Paper No. 1
Presentation Time: 9:00 AM-6:00 PM

PRECAMBRIAN MEROBLASTIC EMBRYOS FROM THE DOUSHANTUO PHOSPHORITE, CHINA


YIN, Zongjun, State Key Lab of Palaeobiology and Stratigraphy, Nanjing Institute of Geology and Palaeontology, CAS, East Beijing Road,39, Nanjing, 210008, China, ZHU, Maoyan, LPS, Nanjing Institute of Geology and Palaeontology, 39 East Beijing Road, Nanjing, 210008, China, DAVIDSON, Eric, Biology, California Institute of Technology, Division of Biology 156-29, California Institute of Technology, Pasadena, CA 91125, TAFFOREAU, Paul, European Synchrotron Radiation Facility, 6 rue Jules Horowitz, Grenoble, 38000, France and BOTTJER, David, Department of Earth Sciences, University of Southern California, Los Angeles, CA 90089, zongjuny@126.com

Phosphatized embryos from the terminal Neoproterozoic Doushantuo Formation (635-551Myr ago) of south China that display preserved three-dimensional (3D) cellular and sub-cellular structures provide a unique Precambrian window on the early evolution of animal development.

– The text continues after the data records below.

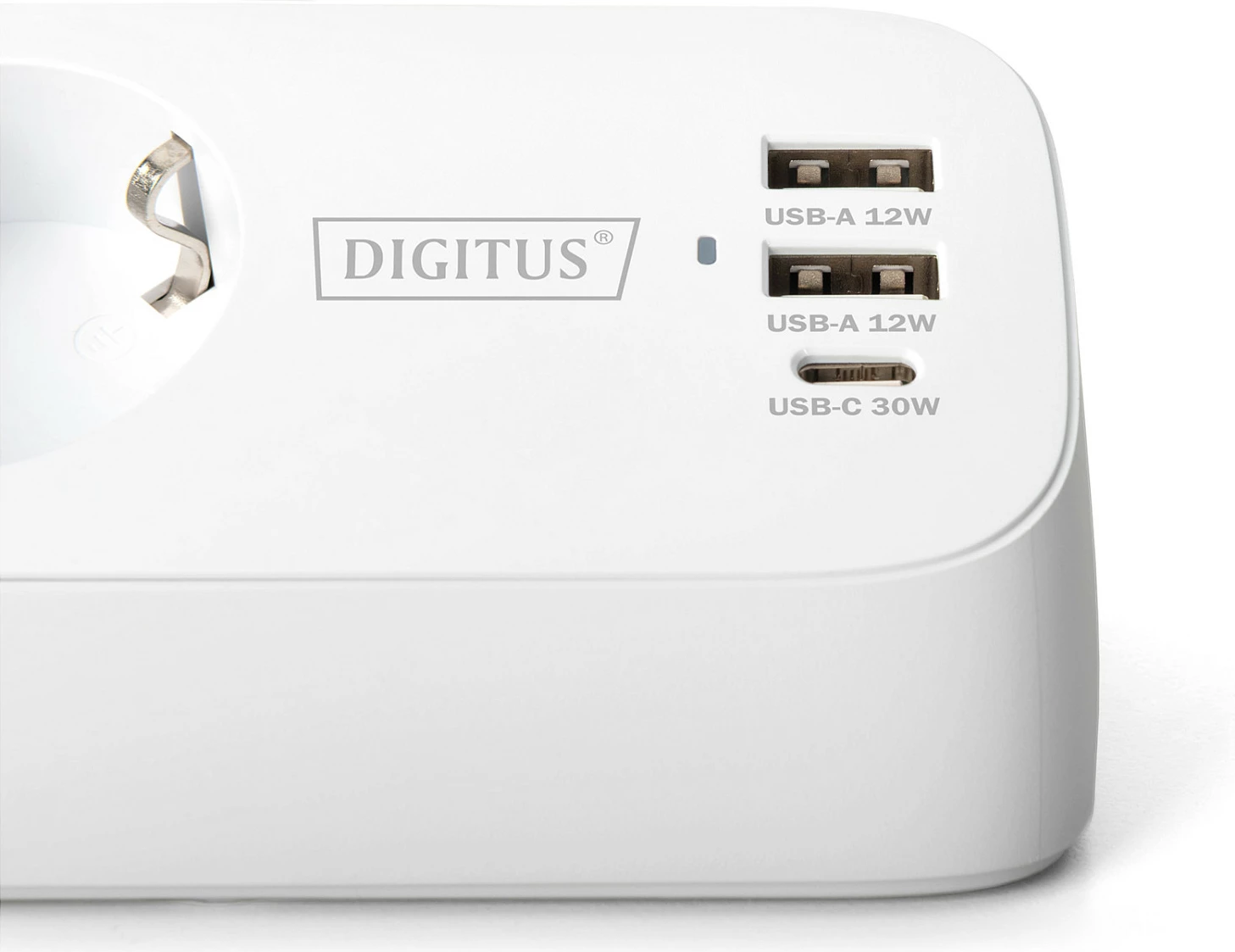 Zgjatues rryme Digitus, 3 prizë Schuko, 2x USB-A 12W + 1x USB-C 30W, kabllo 1.5m, i bardhë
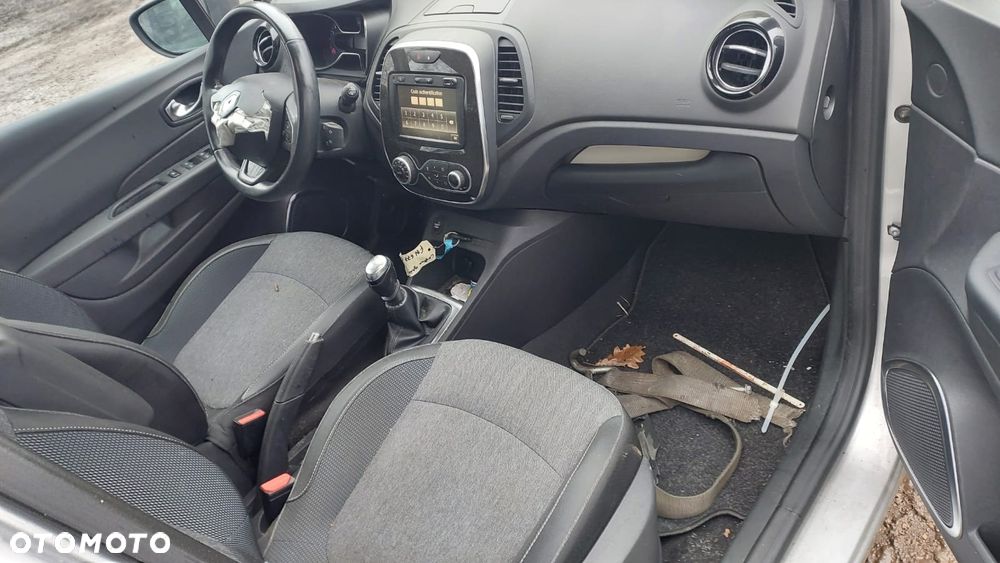 Renault Captur - 8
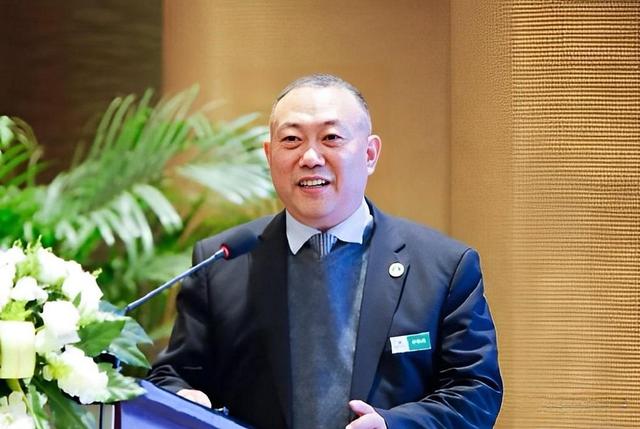 被灯泡厂裁掉后，他靠卖挖掘机翻身，15年干倒美国芯片巨头！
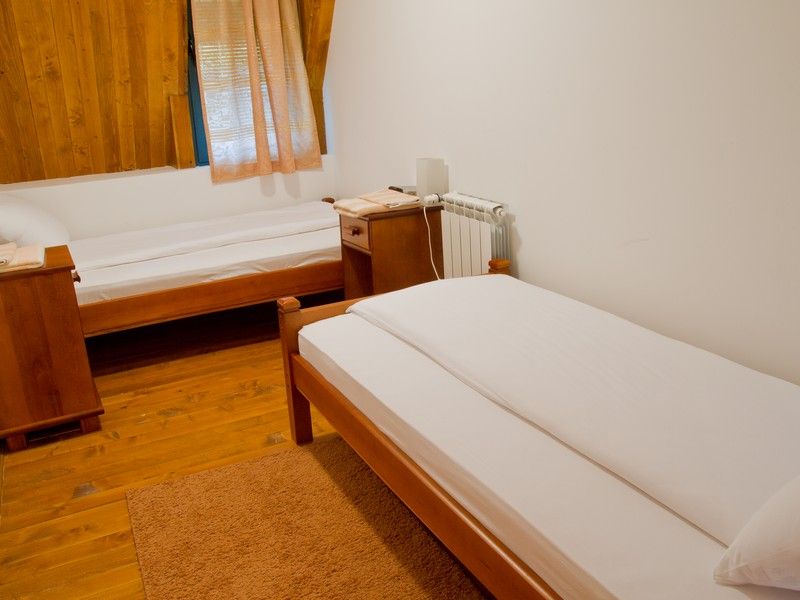 POLAR STAR 4*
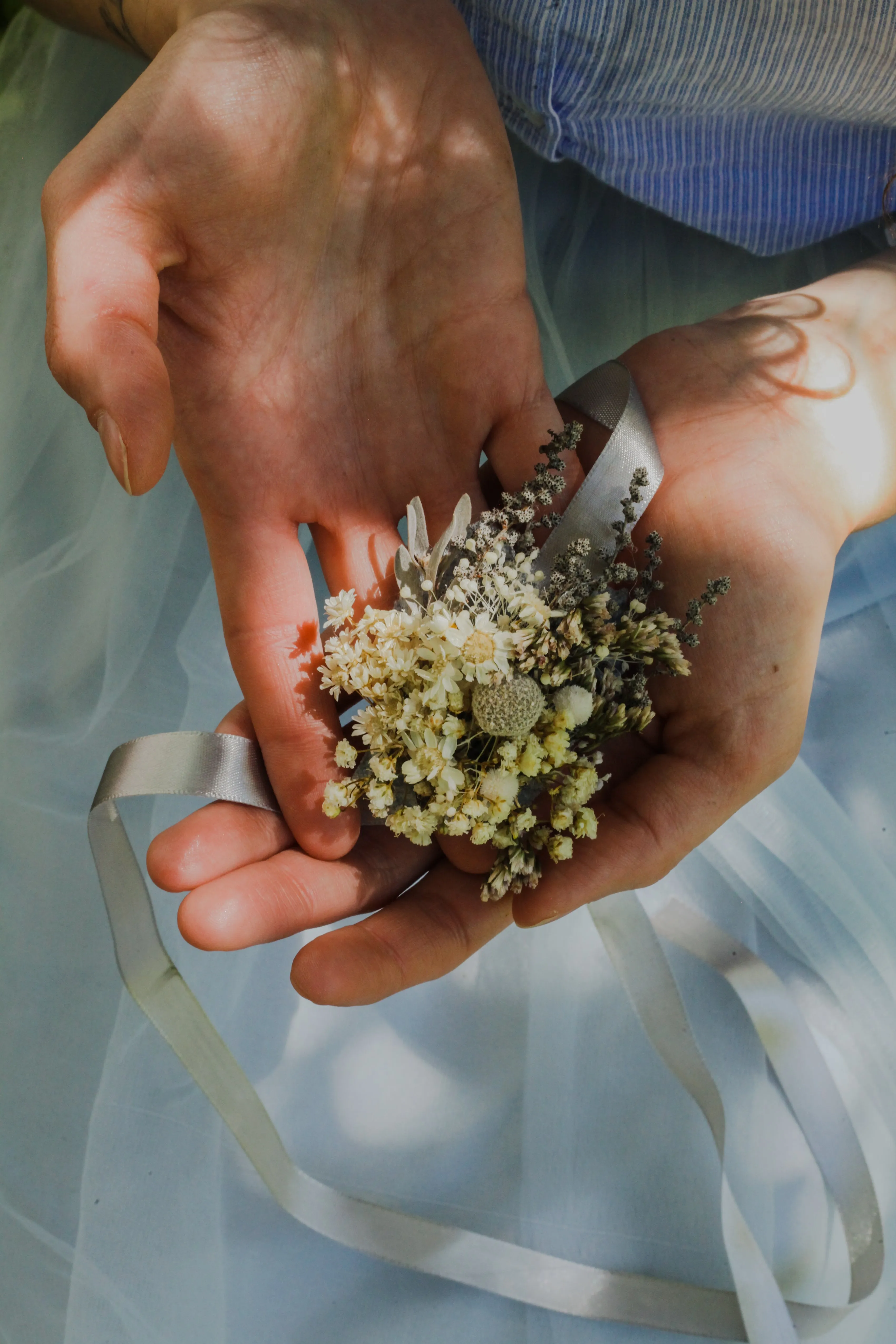 Preserved flower bracelet Baby's breath wrist corsage Dried wedding bracelet Bridesmaid gifts Gypsophila Grey and ivory bracelets Magaela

These exquisite Precambrian animal embryos have elicited various interpretations, partially because the first to be described were comparatively simple forms resembling early cleavage embryos which in general lacked much phylogenetic signal. But more recently a variety of more advanced holoblastic cleavage forms were studied by high resolution X-ray microtomography, and shown to exhibit morphologically differentiated cell types and diverse, complex, multicellular structures. Here we report new fossil embryo forms from the Doushantuo phosphorite that utilized meroblastic cleavage, and that also display distinct cell differentiation. Sub-micron resolution 3D images, taken by improved propagation phase contrast-based synchrotron radiation X-ray microtomography (PPC-SR-μCT), demonstrate that these fossils preserve features directly comparable to modern bilaterian embryos that utilize discoidal meroblastic cleavage. Meroblastic as well as holoblastic cleavage forms were thus already present in Doushantuo times, substantiating the conclusion that a variety of eumetazoan lineages had evolved by the early Ediacaran after termination of Snowball Earth, if not even earlier.